Statistical/cryptographic systems, such as Language Weaver, calculate the probabilities of correspondence by examining parallel texts. They then "learn" these translation patterns and use them to translate similar constructs. But claims of extraordinary accuracy are generally not borne out in tests by professional, human translators.
The holy grail of MT is FAHQT: Fully Automatic, High-Quality Translation. For now, professional and amateur users content themselves with "gisting"—the practice of accepting 80 percent accuracy so as to get a general sense of a text's meaning. (Ninety percent accuracy leaves one error on every line.) Professionals who work with MT always do so in conjunction with human judgment, either by "pre-editing" to limit vocabulary or by "post-editing" to correct errors. In my job, where political sensitivity and nuance are everything, "gisting" would be worse than useless. On the other hand, I often use a dedicated memory-based system to translate treaty names, provisions of international law, and the like because they are directly correspondent and there's no risk of error.

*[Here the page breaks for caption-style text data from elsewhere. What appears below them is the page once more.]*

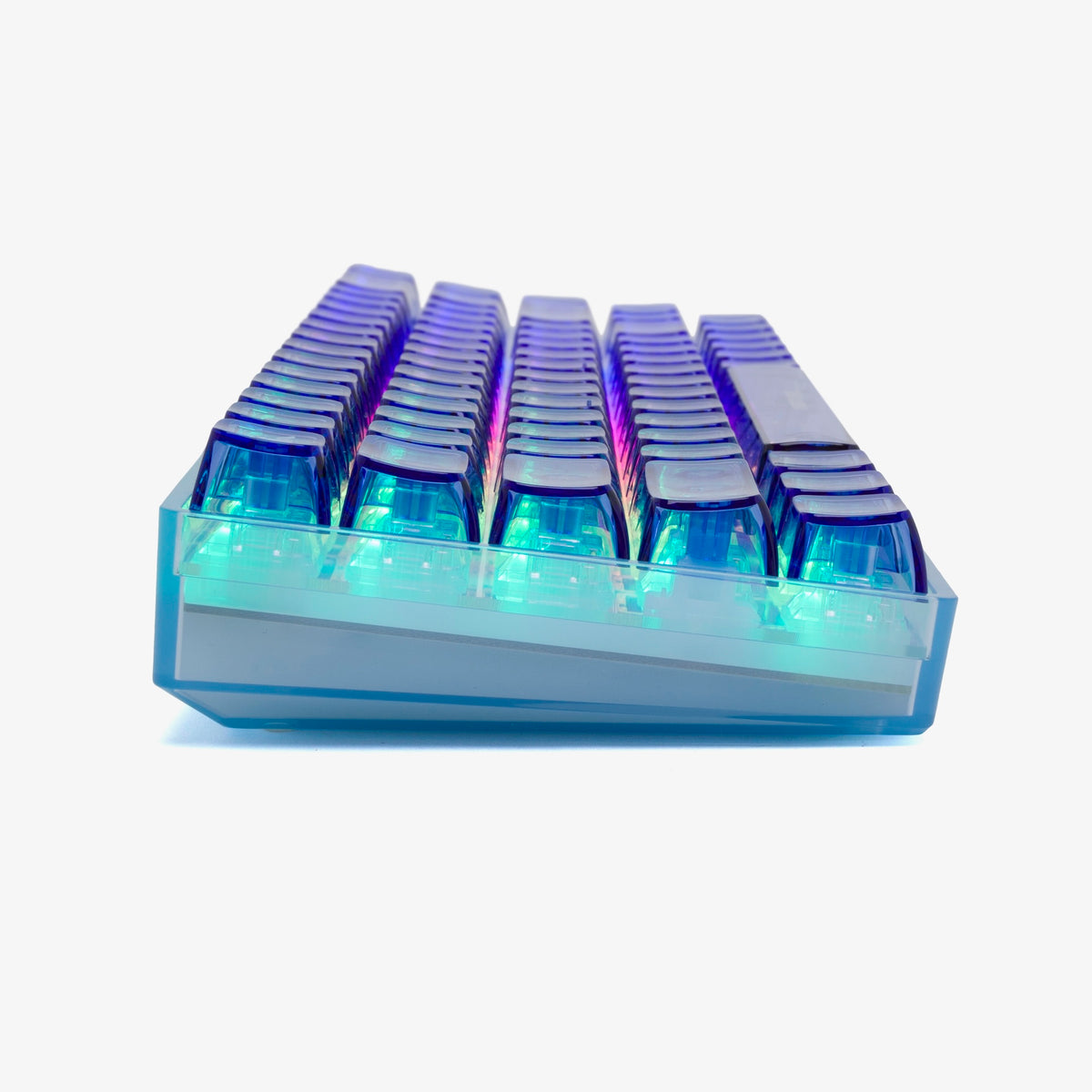 CLEAR SAPPHIRE Basecamp 65 Keyboard (Silent Glacier Switch) – Higround
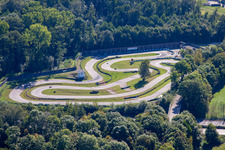 Urloffen, Kartbahn in Appenweier im Bundesland Baden-Württemberg, Deutschland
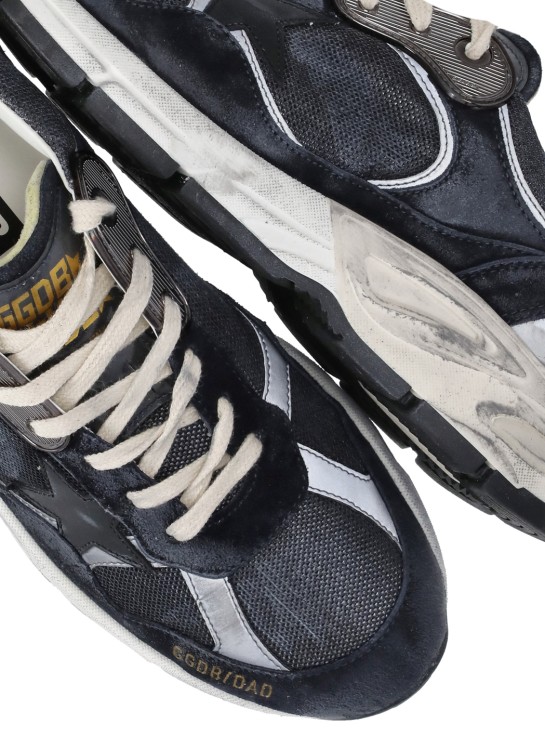 Shop Golden Goose Blue Leather Sneakers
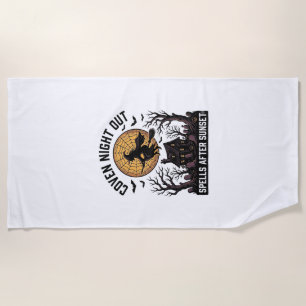 Verhexte Koven-Shirt Vintage Hexenhaus Halloween Strandtuch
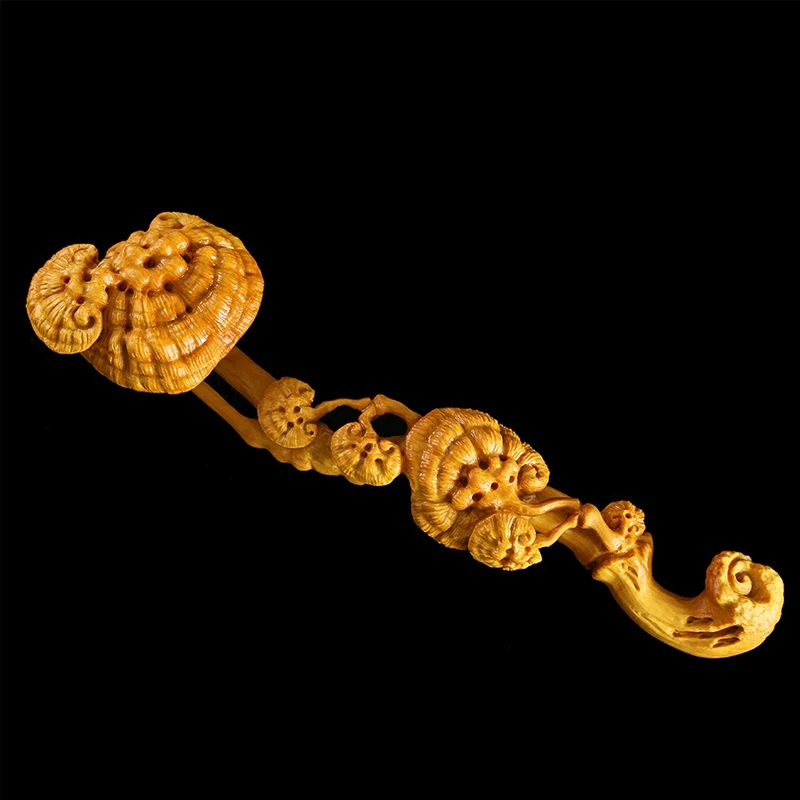 Фигурки Ganoderma Lucidum Ruyi поделки из массива дерева подарки коллекция ручной работы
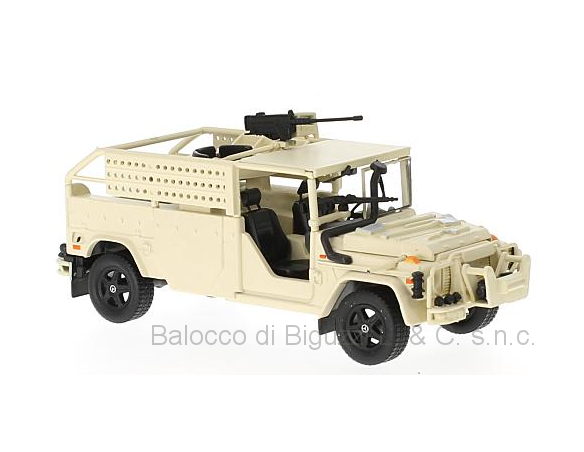 Ixo model MOC202 SERVAL MATT BEIGE 1:43 Modellino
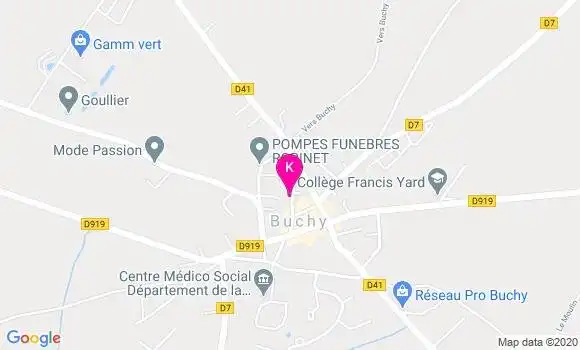 Localisation Antoine Coussens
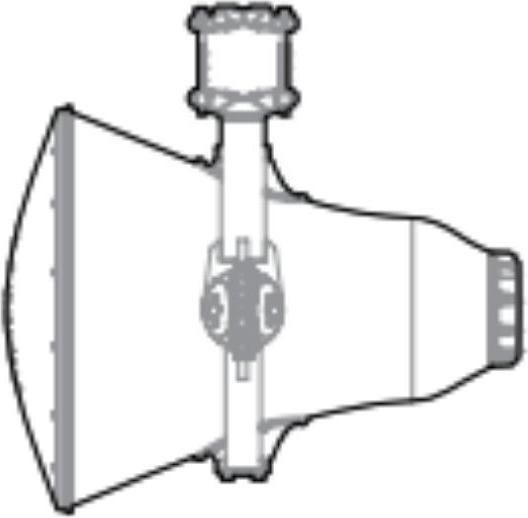 Actual product image RF-Elements UltraHorn TP 5-24 - 24 dBi - 11° - 11° - horn antenna - IP55 - 160 km/h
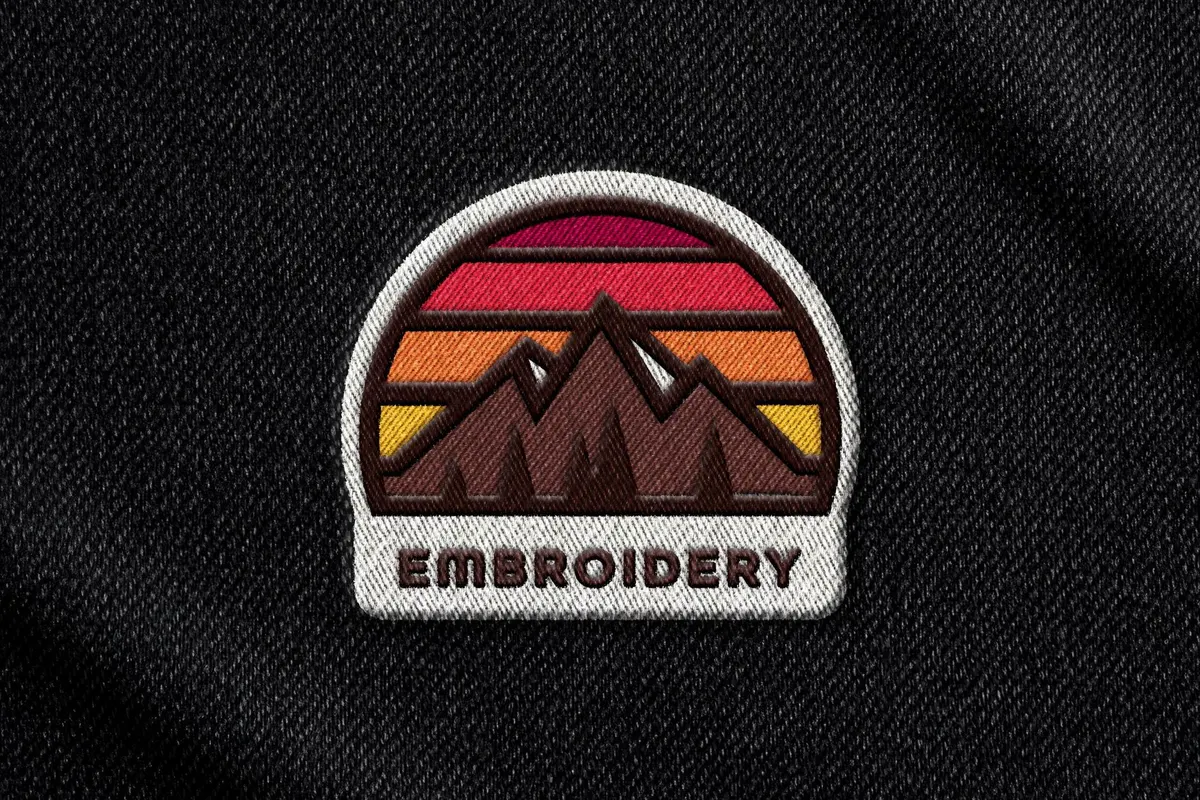 Cotton Embroidery Mockup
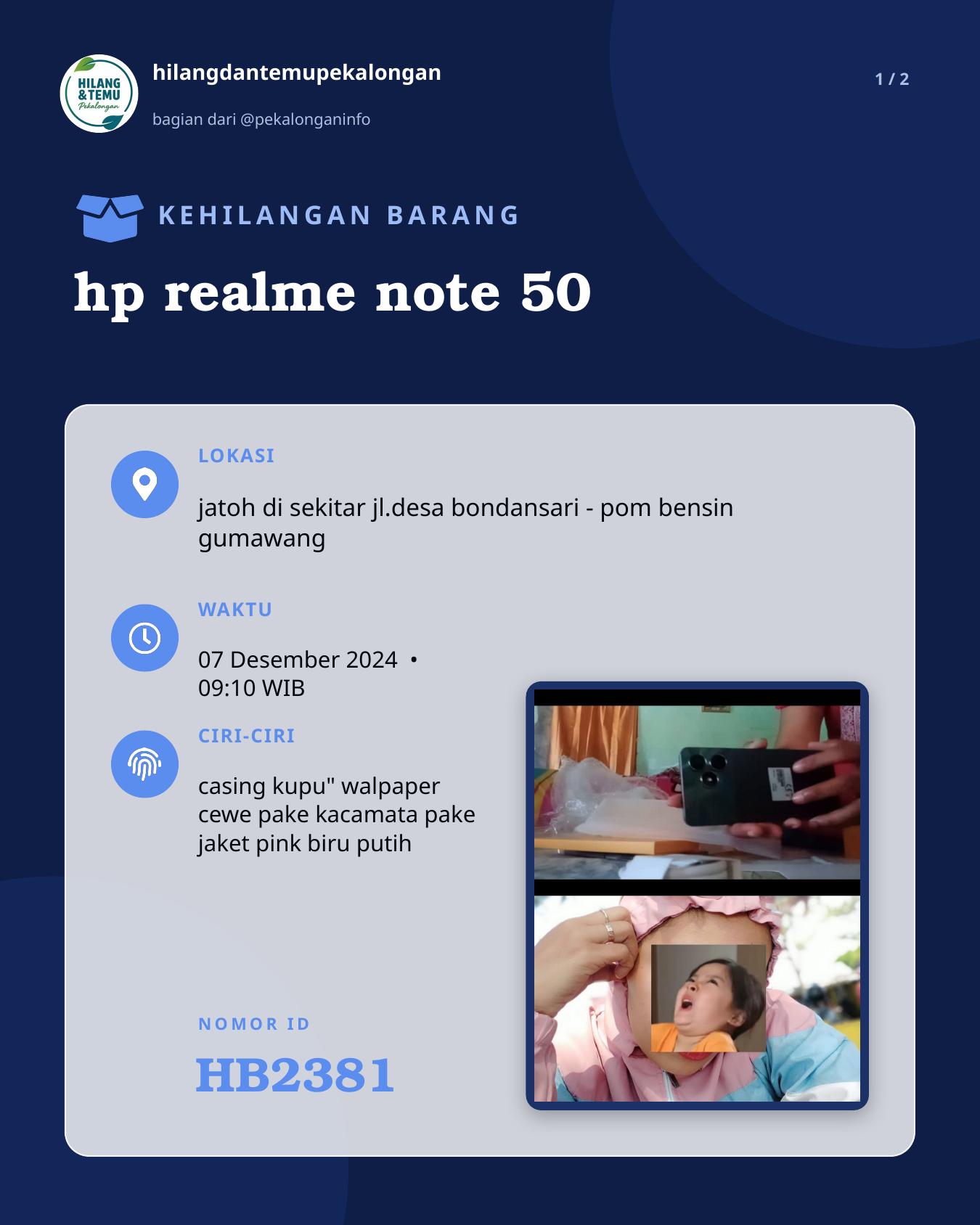 Slide 1 laporan hp realme note 50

There are plenty of computer scientists who think we don't need to settle for Not Really Automatic, Pretty-Mediocre Translation. Mike Collins of MIT, for one, has high hopes for "machine learning," which bypasses the need to hand-encode software by comparing broad databases of text previously translated by humans. In theory, this will allow the machine translator to learn grammatical rules. With vast oceans of multilingual text now available digitally—Collins cites documents created by the European Parliament—this may indeed be the best hope for MT, though it is probably still a long way from affordable commercial application.
Language Weaver CEO Bryce Benjamin acknowledges that even the best translation software cannot hope to replace human translators; it is simply one tool "to help them to increase productivity and value." That was all I needed to know. The war on terrorism notwithstanding, my job and those of thousands of professional translators in the arts, sciences, and industry seem relatively safe for now. But then again, horses were pretty damn sure of themselves 100 years ago, and look what happened to them.